President Samia Hassan claimed 98 percent of votes cast at the 2025 election.  Effective oppositions leaders were imprisoned or put under house arrest – a  far cry from Julius Nyerere’s “familyhood” version of socialism.

Suppression itself was graded. South Africa’s apartheid system was the most rigidly codified, turning separation into law, bureaucracy, and geography. It was cruel in its exclusions, but it was systematic rather than anarchic. Boundaries were enforced in both directions. White intrusion into black space was restricted, just as black movement into white space was controlled. This was not freedom, but it was a form of order that preserved certain localised freedoms within tightly drawn compartments. The vice of apartheid was not constant terror, but enforced immobility and political exclusion.

Elsewhere, colonial systems varied. Portuguese territories were comparatively fluid in social and economic life, though politically closed. Belgian rule in the Congo was something else entirely. There, freedom in any meaningful sense collapsed. Violence was not incidental but foundational.
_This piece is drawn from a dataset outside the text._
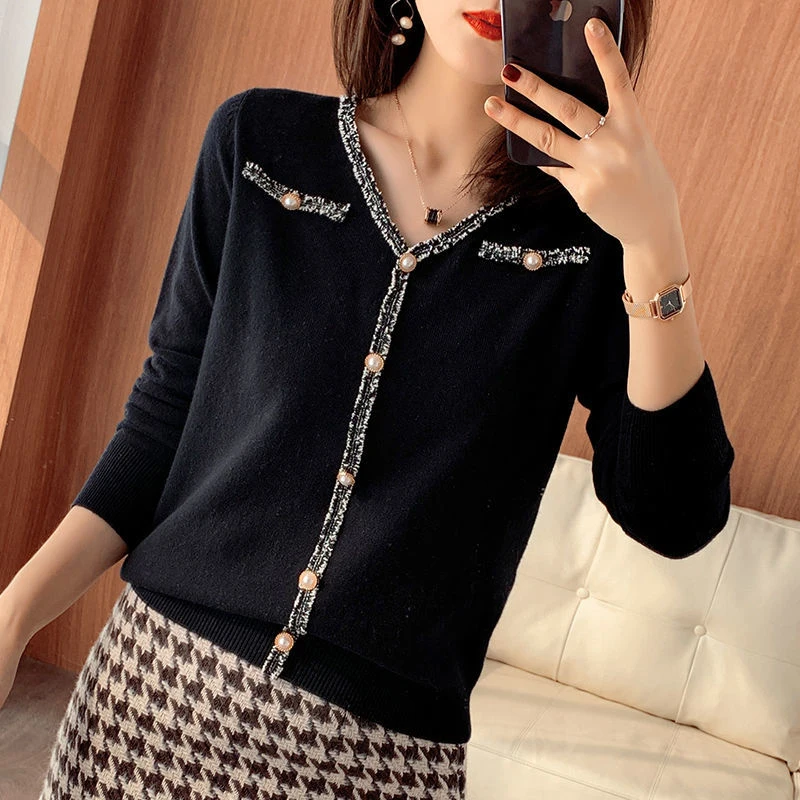 

Women Spring Autumn Style Knitted Pullover Sweater Lady Casual Long Sleeve V-Neck Pearl Button Knitted Pullover Tops ZZ1086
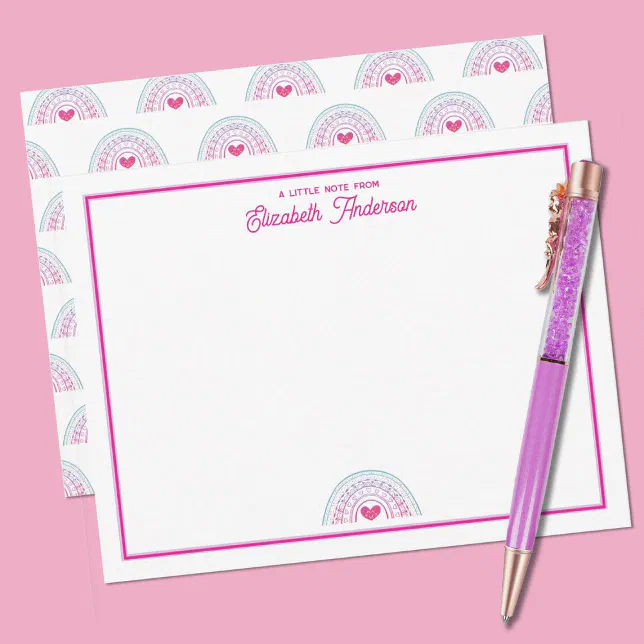 Cute Colorful Boho Rainbow Girls Stationery Note Card | Zazzle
Extraction replaced administration. That case stands outside any balanced comparison. It was not a denial of freedom by law, but its destruction by force. The Congo became colonialism’s greatest embarrassment and the perfect template for Cold War propaganda. Apartheid too was paraded as proof of oppression, a convenient symbol for ideological theatre.

African leaders like Patrice Lumumba were murdered because they would not play the game with huge mining companies in the Congo after its Independence in 1960

What emerges from this uneven landscape is that freedom under colonialism was not absent so much as constrained and unequally distributed. It was real in some domains, denied in others, and rarely framed as a universal moral right. The language of freedom as an absolute entitlement entered the region later, through politics rather than lived experience. Freedom became a byproduct of indoctrination. Racism and imperialism were the tools used to anger the gullible, and the promise of freedom was the bait.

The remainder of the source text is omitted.